In a recent Wall Street Journal interview, AEI scholar and bioethicist Leon Kass explained the dangers that come from an increasing indifference to matters of human dignity. When asked to speak about the ghastly findings in the now infamous abortion clinic of Kermit Gosnell, Kass identified a deep and widespread problem, which appears in a particularly gruesome form in the Gosnell case but doesn’t end with unscrupulous doctors:
Abortion is connected to lots of other things that are threats to human dignity in its fullness…Pursuing perfect babies, ageless bodies and happy souls with the aid of cloning, genetic engineering and psychopharmacology.
You might say that human dignity could easily fall victim to the “Tragedy of the Commons,” a phenomenon named by Oxford political economist William Forster Lloyd in 1832. As noted by Lloyd and illustrated briefly in this video, the Tragedy of the Commons is frequently used to explain why shared pastures get overgrazed, open waters over-fished, the air pumped full of pollution or the economy poisoned with toxic mortgages.

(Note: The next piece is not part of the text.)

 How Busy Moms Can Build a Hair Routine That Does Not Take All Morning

In essence, it explains how individuals contribute to the downfall or degradation of resources we all depend upon, compelled by the drive of our private interests.
For example, personal benefit to a herdsman adding one extra animal, a fisherman maximizing today’s catch, or a factory pushing the limit on emissions is concentrated, yielding short-term, tangible payoff. The costs of such decisions are more diffuse, “commonized” so that no one person or organization takes the hit. When many people in a system or society follow the logic of a personal-gain calculus, the diffused costs pile up. The results: Beijing smog, the barren Chesapeake, eroded Haitian hills and our gargantuan national debt, just to name a few.
Who’s in Charge of Human Dignity?
Who is in charge of protecting the skies, the seas, the national economy or something like human dignity? The answer in a sense is “nobody” and in another sense, “everybody”! These goods are too great for any one person or entity to own or protect. So without a conscious decision to do so, we choose to pursue our own ends to the detriment of some of our most precious resources, lulled into complacency by the partial truth that looking out for the greater good is “not my job.”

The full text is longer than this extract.